But as with those planes that were flown into buildings and the levees that didn't hold, someone could have predicted that the bankruptcy bill would have an unhappy effect on victims of natural disasters like Katrina -- and someone, in fact, did. As the bill headed toward passage, Democrats on the House Judiciary Committee noted that "natural disasters" are often a cause of bankruptcy filings. And as the committee deliberated, Rep. Sheila Jackson Lee specifically warned her colleagues about the need to protect storm victims from the bill's strict new requirements.
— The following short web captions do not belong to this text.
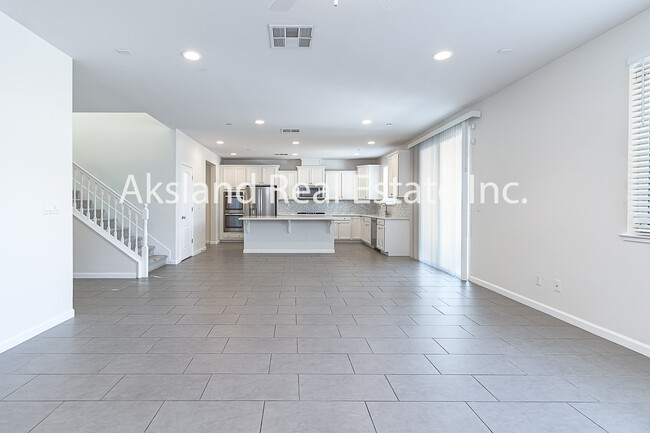 Building Photo - 2355 Azevedo Ave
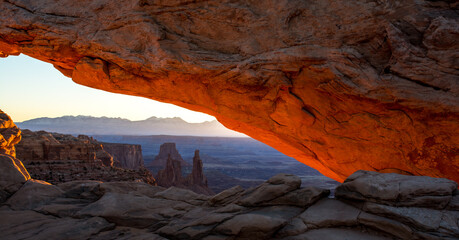 perspective view in to theMesa Arch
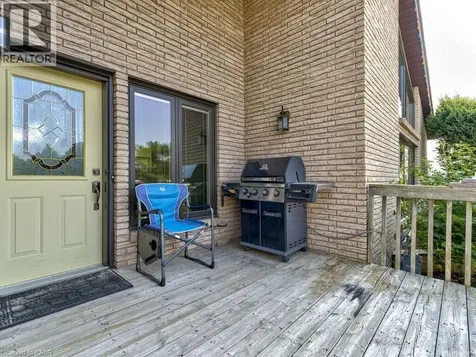11331 Amos Drive Milton ON L0P 1B0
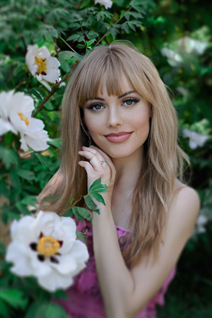 Rencontre une fille ukrainienne anastasia de kiev avec Blond cheveux, âge 28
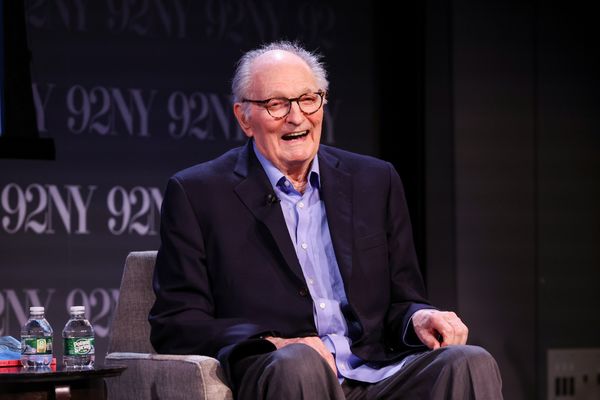Alan Alda Photo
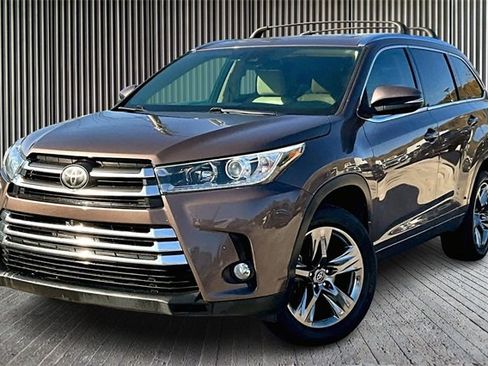 Used 2017 Toyota Highlander Limited Platinum image 1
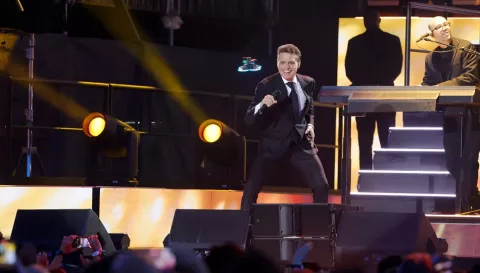 Luis Miguel 'derrite' Córdoba en el inicio de su gira por España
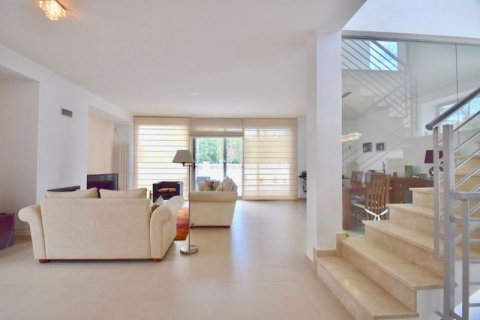 Villa for sale in Alfaz del Pi, Alicante, Spain 3 bedrooms, 195 sq.m. No. 43861 - photo 3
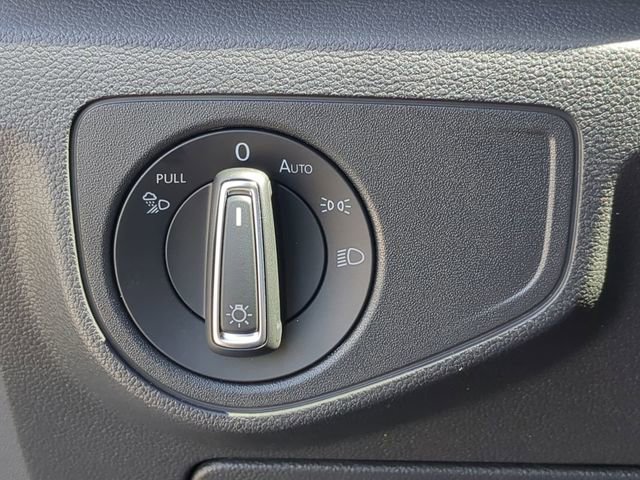 Certified 2023 Volkswagen Atlas Cross Sport SE w/ Black Wheel Package image 26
"Families that are affected by natural disasters such as a hurricane in Florida or the mudslides in California should not have to apply their scarce relief effort monies to bankruptcy debt," Jackson Lee said then. "The intent in providing federal and state monies to families who are victims of such natural disasters is to relieve the burden that the disaster has caused, not to increase their net worth. Bankruptcy reform should address many specific issues, such as the negligent mismanagement of money, but [to] hurt those who are already suffering from flooding or [a] collapsed roof or house that has gone out to sea is absolutely ridiculous."
The amendment Jackson Lee was proposing then went down on a voice vote in the Republican-controlled Judiciary Committee, and -- with the help of lots of Democrats in the House and in the Senate -- the bankruptcy bill went on to become law.